How do dictionaries determine popular usage?

I read somewhere that some dictionaries list their definitions in order of popular usage, from most to least popular. I always thought they did it in chronological order. How would one go about determining which definition is most commonly used? Do they survey a ton of written sources?

Most modern American dictionaries list definitions in presumed order of commonality. Yes, they look at many written sources.

The problems lie in exactly what you’d think they’d be: How many sources can they check for every word, what range of sources do they use, how old are these sources and how often are they checked, and how do they define the exact usage?

However, most words don’t change their most common usage very often. The editors probably look at a selected list of words that lexicographers agree are in flux and chart their progress. There’s a whole community of people who do this and they talk to each other all the time.

Really? I read that the OED (I know, not American) and Merriam Webster list their definitions in chronological order. Aren’t those the two authoritative sources for dictionaries?

Nope. Random House, American Heritage and Encarta all list in order of commonality. Three out of four is most.

I know my OED doesn’t, so that’s why I said American. (Although I’m not sure whether the third edition will change that.) I don’t own a Merriam-Webster so I haven’t checked it.

American Heritage has a much-vaunted Usage Panel. They’re listed at the beginning, at least in the larger hard copies, and come from quite diverse fields. I know Tony Randall and Carl Sagan used to be included.

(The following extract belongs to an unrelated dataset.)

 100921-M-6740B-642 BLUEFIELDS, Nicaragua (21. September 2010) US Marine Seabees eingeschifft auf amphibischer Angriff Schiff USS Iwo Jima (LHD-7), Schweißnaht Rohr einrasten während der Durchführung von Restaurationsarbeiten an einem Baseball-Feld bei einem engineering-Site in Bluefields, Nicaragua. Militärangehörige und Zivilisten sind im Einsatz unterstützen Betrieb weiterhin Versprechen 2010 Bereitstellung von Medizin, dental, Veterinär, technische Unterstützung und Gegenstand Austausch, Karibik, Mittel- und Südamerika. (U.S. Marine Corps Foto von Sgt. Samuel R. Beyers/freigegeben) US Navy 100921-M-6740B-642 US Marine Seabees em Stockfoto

Thanks for the answers. :slight_smile:

Not a coincidence but a direct result.

The third edition of the Merriam-Webster Unabridged appeared in 1961. It was greeted as if the Russians had snuck into Washington and changed the Constitution at night. People were insane before the Beatles. I blame nuclear testing.

The editors simply changed the world of dictionaries by rewriting the second edition to make everything descriptive, rather than prescriptive. They even included ain’t. The high-brow commentators went apeshit. Institutions swore they would never buy the Third and make do with their old Seconds until they fell apart.

Wikipedia has a good summary of the controversy:

American Heritage, then such a big-deal high-end magazine that it was issued in hardcover each month, saw an opportunity. They created the Usage panel, polling 200+ noted writers about nuances and how they used words. The results killed prescriptivism forever (though you can see its zombie remains even today). Good writers - even the best, selected, greatest of good writers - didn’t agree on anything. No matter what your stance was on any disputed term, you could find a sizable percentage of the elite approving it.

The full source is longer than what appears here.